Wciąż nie cichną echa nocnego spotkania marszałka Sejmu Szymona Hołowni z politykami PiS. Głosy krytyki, spekulacje o nowej koalicji i osobista riposta Hołowni pokazują, że to coś więcej niż tylko polityczna pogawędka. Do gry wkroczył także Radosław Sikorski, wbija szpilkę liderowi Polski 2050.
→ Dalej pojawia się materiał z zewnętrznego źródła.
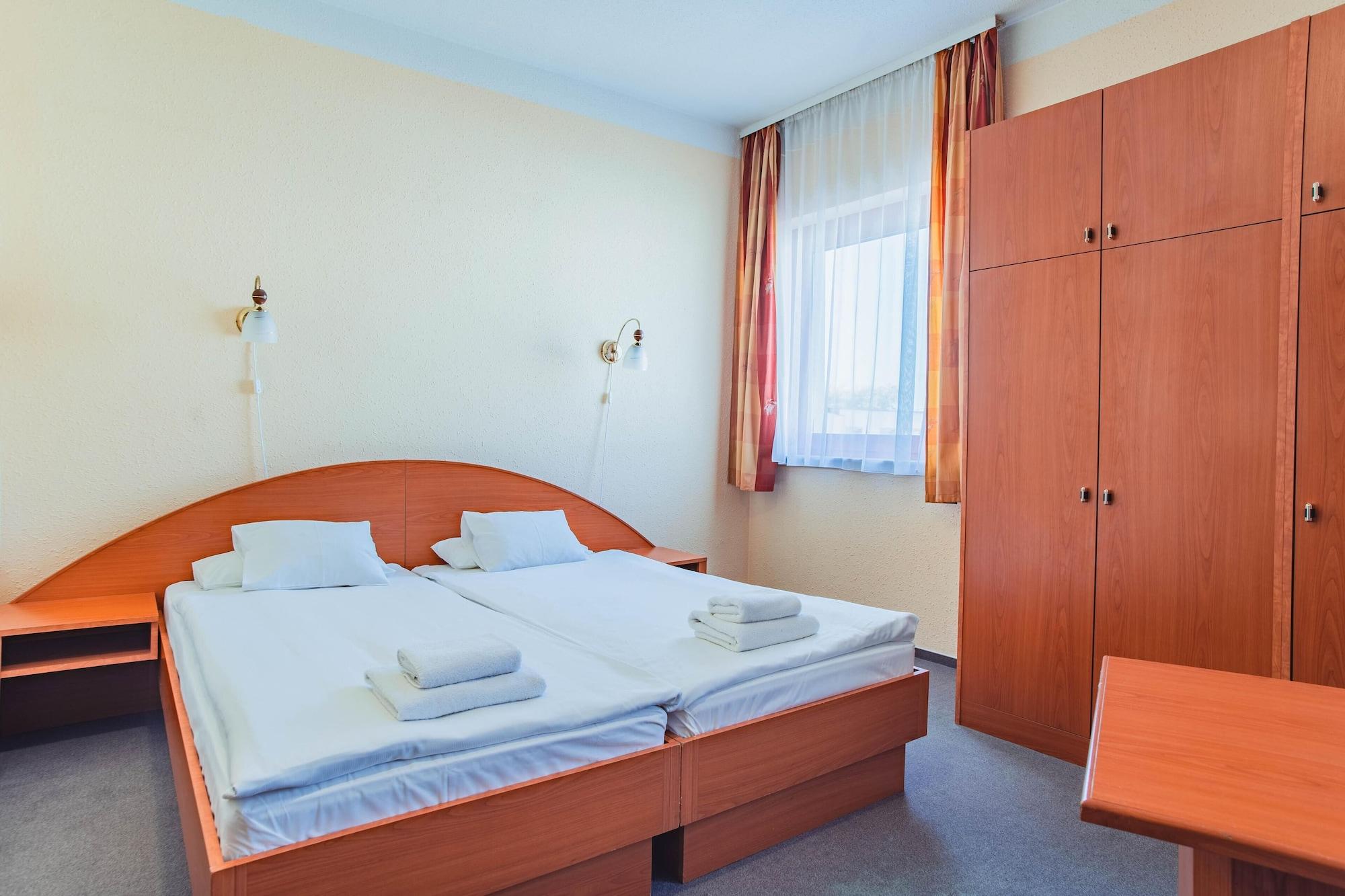 Homoky Hotels Bestline Hotel Budapest Ngoại thất bức ảnh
Nocne rozmowy. Limuzyna pod domem Bielana
W nocy z 3 na 4 lipca limuzyna marszałka Sejmu pojawiła się pod domem Adama Bielana. Chwilę później dotarł tam również Jarosław Kaczyński, a następnie Michał Kamiński. Spotkanie, jak ustalili dziennikarze Radia ZET i „Newsweeka”, odbyło się poza oficjalnymi gabinetami parlamentarnymi. Całość trwała niespełna godzinę.
Choć to tylko godzina, jej polityczny wydźwięk rozlał się szeroko. Pojawiły się domysły, oskarżenia i pytania: czy Hołownia dogaduje się z PiS-em?
Hołownia odpowiada. „Interesuje mnie pokój, a nie wojna”
Marszałek Sejmu nie pozostawił sprawy bez komentarza. Na platformie X napisał:
„Twardo stoję na stanowisku, że – zwłaszcza w obecnych czasach – politycy różnych opcji powinni ze sobą rozmawiać, inaczej pozabijamy się nawzajem.”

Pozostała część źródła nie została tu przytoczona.